On his return to Ireland he was arrested and later pleaded guilty at Dublin Circuit Criminal Court to attempted burglary at Woodford, Brewery Road, Stillorgan, on February 28th 2014. He also pleaded guilty to burglary on the same date.
He has previous convictions for burglary and dangerous driving.
At a sentence hearing on Monday Judge Pauline Codd said that the earlier attack was a terrifying ordeal for the homeowners, whose son was forced to lock himself in his bedroom. She said the family now feel unsafe in their own home during the day and night and have turned their house into a type of fortress.
She said the destruction of the front door cost them €3,000 to repair.
Judge Codd set a headline sentence of six years imprisonment but reduced this to three and a half years after taking into consideration Cawley’s youth at the time, his drug addiction issues and his difficult childhood.
The court heard that after Cawley’s mother died when he was aged 12, he left school, started hanging around with local lads and taking drugs.
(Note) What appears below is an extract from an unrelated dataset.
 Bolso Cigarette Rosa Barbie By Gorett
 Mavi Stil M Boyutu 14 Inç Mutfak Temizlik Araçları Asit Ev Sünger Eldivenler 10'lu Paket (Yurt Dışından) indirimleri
His father had a stroke not long after and Cawley had to care for him.
Judge Codd noted that he was under older “pro-criminal” influences at the time and that nobody came for him while he was being held in custody.
She suspended the final six months on condition that Cawley continue to deal with his drug addiction issues.
Cawley told Judge Codd that he was terribly sorry for what he had put the couple in the first house through.